Rachel's Blog: You like me, right now, you like me!*
I was considering live-blogging the broadcast of the Oscars ceremony this year, but I honestly don't think I have the blogging stamina. Or the Oscars watching stamina for that matter. I haven't even watched it the last two years, mostly because I didn't see any of the nominated films. I'll do some kind of snarky wrap up at least. Probably not as funny-bitchy as Ken Levine, but he has all sorts of, you know, industry knowledge and professional comedy writing credits and stuff that I don't.
Here's my snark from 2003 - the last time I tuned in.
Random notes from the Oscar's telecast:
Steve Martin can always be counted on to be a white-wash of a host. So very inoffensive.
So what _does_ Margaret O'Brien look like nowadays?
John Travolta should stop dying his hair. 3D-animated Mickey Mouse is an insult.
How do I get to see these nominated animated and live-action short films?
Is the little laser on the Tatts machine going to damage my eyes if I stare at it too long?
Paul Simon would be a lot more interesting to watch if _he_ was eight months pregnant or had sixteen backing dancers.
Only two nominees for achievement in make-up? Slackers!
Sean Connery really can look good in a frilly shirt.
Gee, I haven't seen Noni in the audience yet...
Woo! Go Panavision!
Dedicating an Oscar to the whole of Mexico is a bit tricky. How are they going to work out the time-share?
Julianne Moore looks like a shy high school student who just got asked to the prom.
Forty-five seconds is not enough time for multiple winners to speak. Even if no one cares if the sound guy thanks his mum.
Hang on - Media Watch is on...
...OK I'm back. Only missed an hour, what could possibly have happened?
I think Nicole is wearing prosthetic eyebrows, she looks really angry.

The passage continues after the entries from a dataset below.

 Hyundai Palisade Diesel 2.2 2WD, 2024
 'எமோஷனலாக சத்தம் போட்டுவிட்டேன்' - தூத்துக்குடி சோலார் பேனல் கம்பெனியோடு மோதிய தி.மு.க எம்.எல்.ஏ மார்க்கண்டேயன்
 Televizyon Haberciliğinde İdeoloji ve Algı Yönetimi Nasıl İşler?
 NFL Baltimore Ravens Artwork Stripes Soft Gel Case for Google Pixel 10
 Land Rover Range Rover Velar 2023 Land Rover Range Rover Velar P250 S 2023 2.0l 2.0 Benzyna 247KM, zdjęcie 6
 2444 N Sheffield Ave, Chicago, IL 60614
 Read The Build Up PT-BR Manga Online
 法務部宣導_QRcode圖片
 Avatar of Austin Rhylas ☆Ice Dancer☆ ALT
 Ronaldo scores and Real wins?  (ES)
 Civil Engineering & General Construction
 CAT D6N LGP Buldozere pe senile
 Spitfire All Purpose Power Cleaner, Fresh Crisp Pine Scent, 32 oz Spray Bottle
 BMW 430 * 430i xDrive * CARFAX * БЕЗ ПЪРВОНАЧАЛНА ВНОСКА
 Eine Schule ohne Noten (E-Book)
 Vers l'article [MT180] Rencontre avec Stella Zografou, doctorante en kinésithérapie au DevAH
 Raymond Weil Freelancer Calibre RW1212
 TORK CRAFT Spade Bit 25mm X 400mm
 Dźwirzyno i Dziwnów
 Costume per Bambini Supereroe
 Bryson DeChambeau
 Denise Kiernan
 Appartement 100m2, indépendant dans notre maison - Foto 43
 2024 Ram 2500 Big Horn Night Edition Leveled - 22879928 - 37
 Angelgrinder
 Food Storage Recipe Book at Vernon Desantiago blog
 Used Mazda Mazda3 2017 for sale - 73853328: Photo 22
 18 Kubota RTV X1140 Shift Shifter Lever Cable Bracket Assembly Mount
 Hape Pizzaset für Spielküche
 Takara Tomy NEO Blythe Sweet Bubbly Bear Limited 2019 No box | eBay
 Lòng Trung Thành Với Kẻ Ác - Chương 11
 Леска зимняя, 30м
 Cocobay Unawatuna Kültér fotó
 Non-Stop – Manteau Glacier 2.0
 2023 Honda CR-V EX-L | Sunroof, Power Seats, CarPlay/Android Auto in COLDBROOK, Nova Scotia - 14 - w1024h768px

So why is it in Hollywood that people try to stay as young looking as possible, for as long as possible, when it's the oldest and wrinkliest who get the most applause?
Take off the sunglasses Jack.
Margaret O'Brien just looks old. Fair enough.
Hey, they've brought back the Antz Pantz ad. Sick 'em Rex!
That Pianist actor looks really worried, and he's already won his Oscar.
Harrison Ford has bed hair.
That automatic height-detecting microphone is way cool, every school hall should have one.
Kirk and Michael, so cute.
It's over already? ...thank God.
*Sally Field, 1985 acceptance speech for Places in the Heart.